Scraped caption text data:
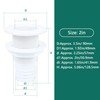 ORLANG 2In Thru Hull Fittings for Boats, ABS Plastic Through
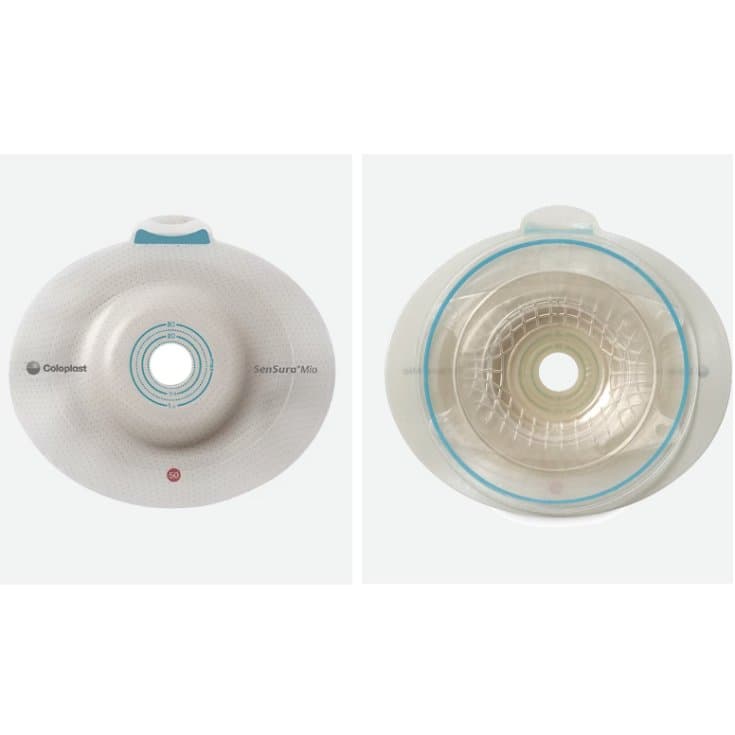 Plaque de base Flex convexe 15–40 mm, anneau 50 mm – Stomathérapie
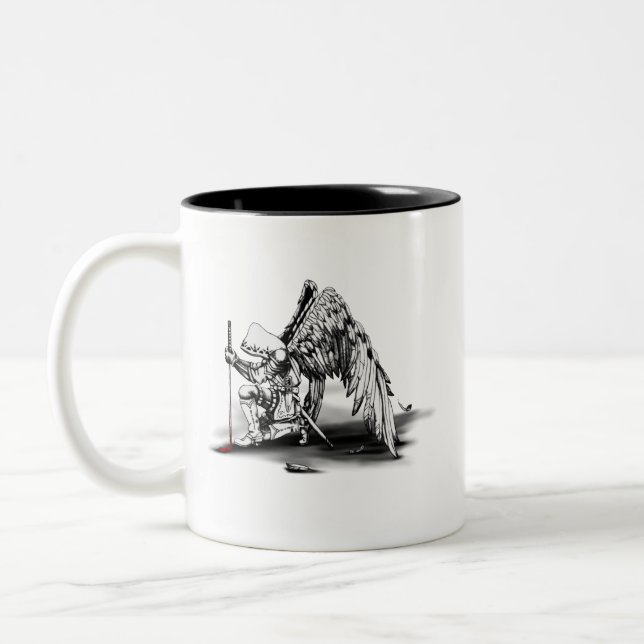 Taza Bicolor Guerrero Arcángel (Izquierda)
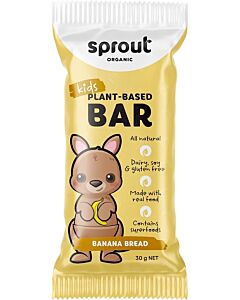 Sprout Organic: Kids Plant-Based Bar [12M+] 30g (Banana Bread)
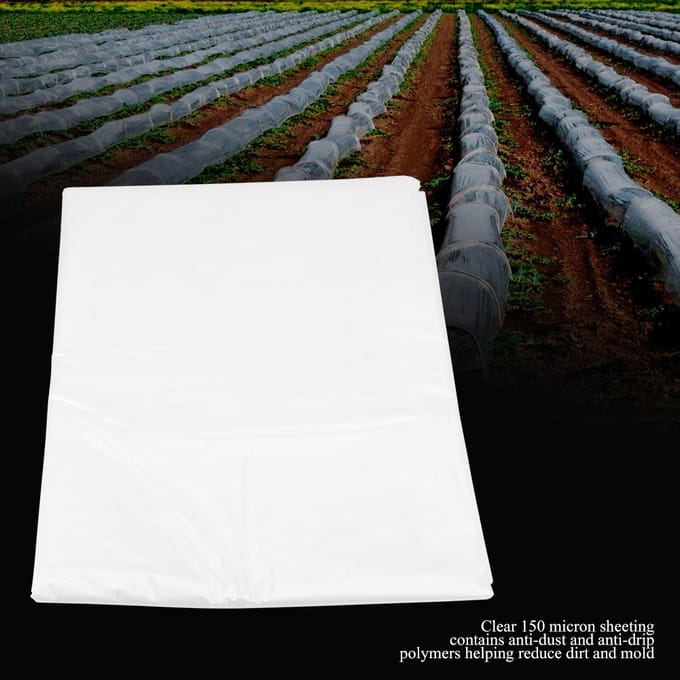 Kassen Helder Plastic Polyethyleen Folie Afdekking Buiten Tuin Plantbescherming white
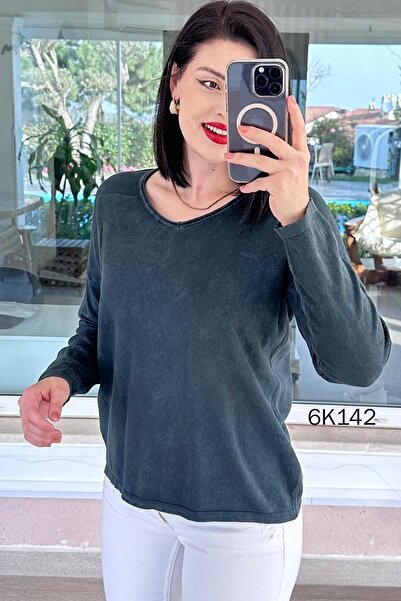 İnce Topuk Starry Cotton Knitwear Blouse 6K142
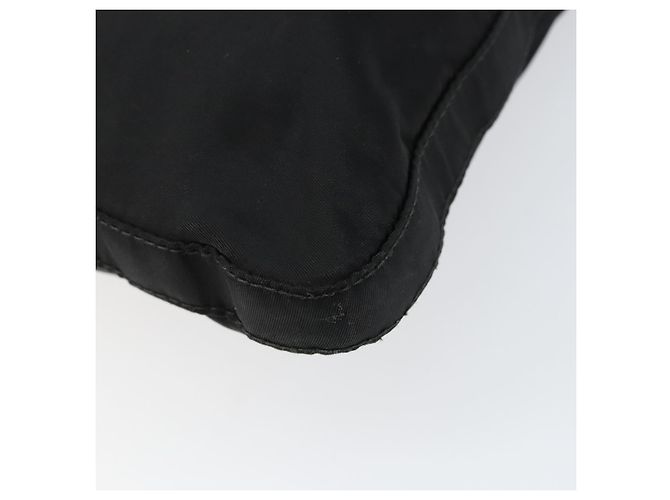 Bolsa de Ombro PRADA Nylon Preto Prata Autêntica 149732 - vista 16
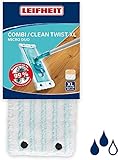 Leifheit Funda de recambio Combi / Clean Twist XL static plus, funda de poliéster lavable para mopa superabsorbente, funda de mopa fregona para todo tipo de suelos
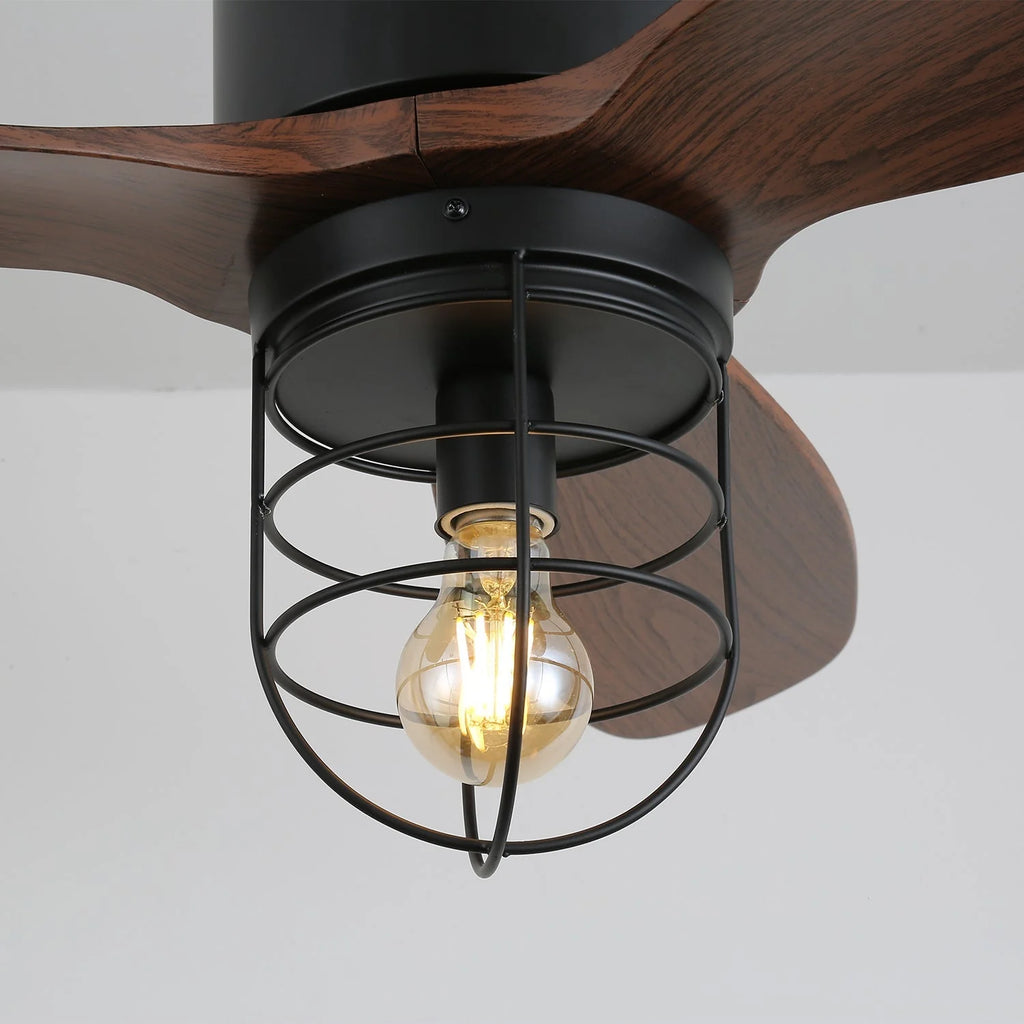 Ceiling Fan | Remote-Controlled 6-Speed & LED Light | 36 in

* The task
Copy out, exactly and without pictures, each line from the one containing "Kassen Helder Plastic" through the final line of the entries, both ends included.

* Result of the task
 Kassen Helder Plastic Polyethyleen Folie Afdekking Buiten Tuin Plantbescherming white
 İnce Topuk Starry Cotton Knitwear Blouse 6K142
 Bolsa de Ombro PRADA Nylon Preto Prata Autêntica 149732 - vista 16
 Leifheit Funda de recambio Combi / Clean Twist XL static plus, funda de poliéster lavable para mopa superabsorbente, funda de mopa fregona para todo tipo de suelos
 Ceiling Fan | Remote-Controlled 6-Speed & LED Light | 36 in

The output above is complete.